Centre d'art

Le centre d’art du Parc Saint Léger n’est toujours pas fixé sur son avenir

Par Marion Pedram · lejournaldesarts.fr

Le 19 mars 2021 - 485 mots

POUGUES-LES-EAUX

Le centre qui doit quitter Pougues-les-Eaux cet été et a perdu son financeur principal, n’a pas trouvé de point de chute.

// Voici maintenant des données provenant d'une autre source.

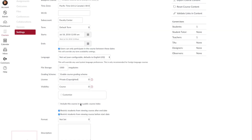There are additional options there. If you decide that you want to publish the course on these specific days but you don't want the students to view the course before or after those dates, you can select these checkboxes as well, and that will restrict the students from viewing the course before or after the start or end date.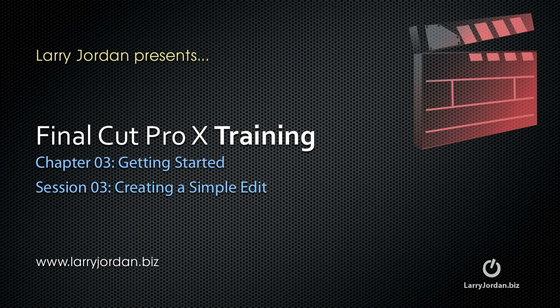Welcome to this Final Cut Pro 10 training. My name is Larry Jordan.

Parc Saint Léger - Centre d'art contemporain. © Parc Saint Léger
Parc Saint Léger - Centre d'art contemporain.
© Parc Saint Léger

Propriété du Département de la Nièvre depuis 1976, le parc thermal de Pougues-les-Eaux dans lequel est installé dans une ancienne usine d’embouteillage, le centre d’art contemporain du Parc Saint Léger, va être cédé à la Ville : le centre d’art doit quitter les lieux, et sa pérennité n’est pas assurée.

Effective à partir de juillet, la fermeture entérine le désengagement du Département. Ce dernier s’était retiré du conseil d’administration du centre fin 2020, qui ne peut désormais plus compter sur son financement. Le centre faisait déjà face à des difficultés croissantes : conflits internes, coupes budgétaires, personnel réduit de dix à deux salariés… La crise sanitaire n’a rien arrangé. Considéré comme « en déclin » et trop coûteux, il ne parvient pas à convaincre le Département de la Nièvre.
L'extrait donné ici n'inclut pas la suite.